=== EXERCISE MATERIAL ===

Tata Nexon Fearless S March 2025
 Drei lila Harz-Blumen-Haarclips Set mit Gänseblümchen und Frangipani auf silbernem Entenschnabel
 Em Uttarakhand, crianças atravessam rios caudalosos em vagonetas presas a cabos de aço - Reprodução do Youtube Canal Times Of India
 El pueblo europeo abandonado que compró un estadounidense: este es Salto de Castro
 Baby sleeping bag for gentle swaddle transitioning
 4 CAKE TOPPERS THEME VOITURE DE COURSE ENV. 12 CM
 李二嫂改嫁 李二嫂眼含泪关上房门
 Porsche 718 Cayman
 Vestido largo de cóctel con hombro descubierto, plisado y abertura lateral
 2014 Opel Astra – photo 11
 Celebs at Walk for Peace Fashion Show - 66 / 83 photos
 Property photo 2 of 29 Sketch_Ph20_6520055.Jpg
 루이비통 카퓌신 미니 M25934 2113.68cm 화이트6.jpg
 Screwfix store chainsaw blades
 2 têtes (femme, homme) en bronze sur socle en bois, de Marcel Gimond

===

• [EXERCISE REQUIREMENTS] All that is wanted is an exact copy of the lines from the line holding "Drei lila Harz-Blumen-Haarclips" through the end of the material above, including both.

• [SOLUTION FOR THIS PROBLEM]
 Drei lila Harz-Blumen-Haarclips Set mit Gänseblümchen und Frangipani auf silbernem Entenschnabel
 Em Uttarakhand, crianças atravessam rios caudalosos em vagonetas presas a cabos de aço - Reprodução do Youtube Canal Times Of India
 El pueblo europeo abandonado que compró un estadounidense: este es Salto de Castro
 Baby sleeping bag for gentle swaddle transitioning
 4 CAKE TOPPERS THEME VOITURE DE COURSE ENV. 12 CM
 李二嫂改嫁 李二嫂眼含泪关上房门
 Porsche 718 Cayman
 Vestido largo de cóctel con hombro descubierto, plisado y abertura lateral
 2014 Opel Astra – photo 11
 Celebs at Walk for Peace Fashion Show - 66 / 83 photos
 Property photo 2 of 29 Sketch_Ph20_6520055.Jpg
 루이비통 카퓌신 미니 M25934 2113.68cm 화이트6.jpg
 Screwfix store chainsaw blades
 2 têtes (femme, homme) en bronze sur socle en bois, de Marcel Gimond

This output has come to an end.